I would be curious to hear the same thing, with some great big old sticks. What are those, 7As? I thought all of them were too pwongy, except for the shell one, which was clearly flat with almost nothing going on(but might have helped, in conjunction with one of the others, to provide a tighter better snare sound in a mix?). But yeah, (for me) snare mic placement changes a lot with how much the snare heads are moving, and i suspect that the differences between placements might have been more apparent if the snare was moving a bit more from some bigger sticks. I would also like to have seen my own preferred snare placement(when recording others' snares) of the high shell mic, which is still 90ยบ to the shell, but way up so that it is practically mic'ing the top rim. For a one-mic solution, that usually gives me something i can work with.

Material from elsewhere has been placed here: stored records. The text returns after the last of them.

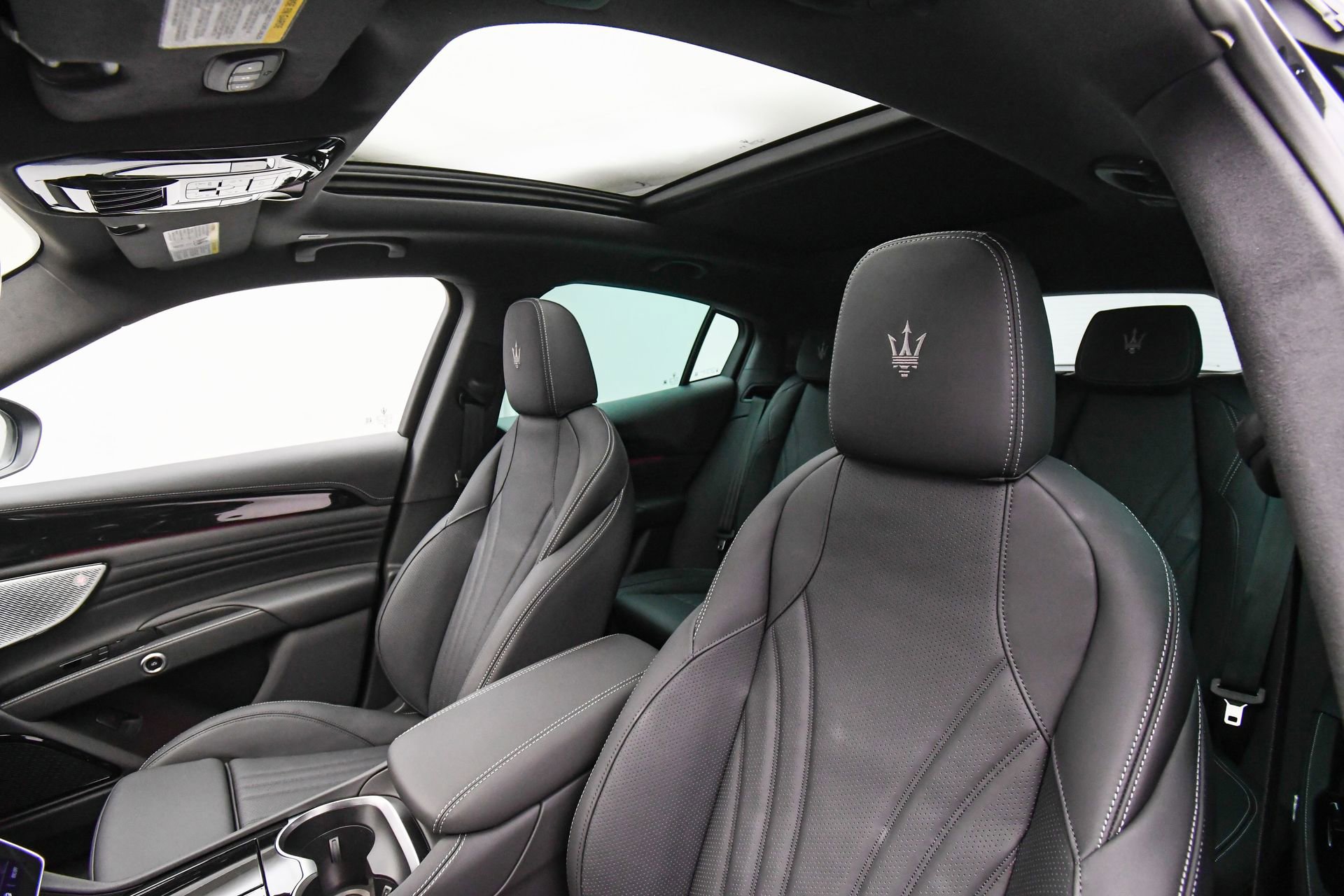 New 2025 Maserati Grecale Modena image 51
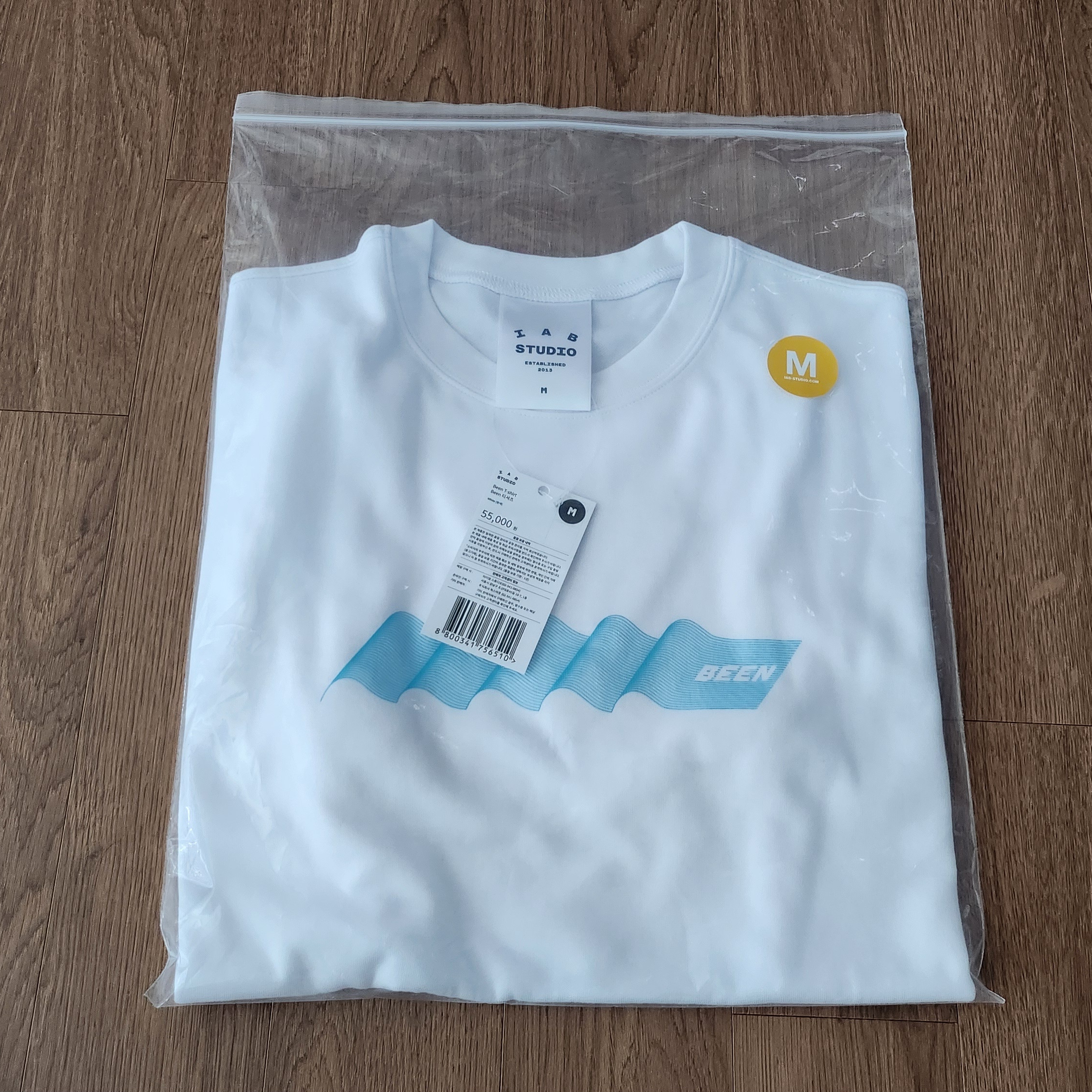 IAB Studio Been T-Shirt White 착용 스타일 - 3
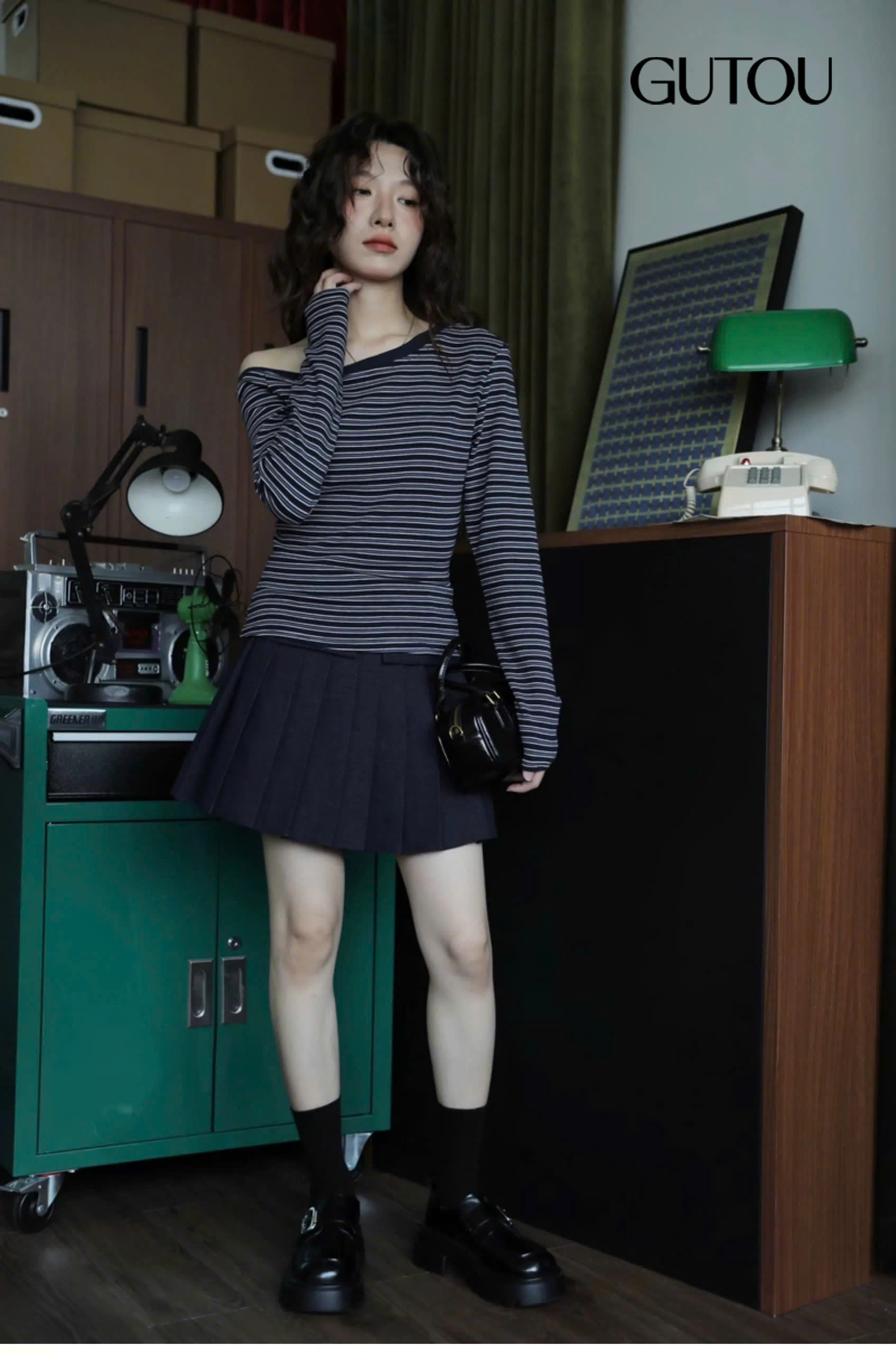 [ GUTOU ] Áo Lệch Vai Sọc Ngang Tay Dài Ôm Body_thumbnail_2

Personally, i thought that in the mic comparison, there was not nearly that much between most of them, though i suspect that in a mix, some presences or lacks would become more apparent. I was also struck that the 57 just sounded as i would expect a snare mic to sound, as it tends to. Something about the balance of the body and attack.
Now, either that Beta 98 is one strange ass microphone, or, the tuning of the drum drifted a lot between takes. A couple were like that actually, not as bad as that one, but if it is the tuning drifting around, then it does make it much more difficult to judge one or the other, actual and perceived pitch being maybe 90% of why a snare sounds the way it does in a mix. IMO.
EDIT: Listening through a second time, that snare is all over the place, tuning-wise, so the comparison really isn't all that useful to me, except to give an idea of what kind of cymbal/hi-hat/kick rejection one might get with that sort of placement between the tested microphones.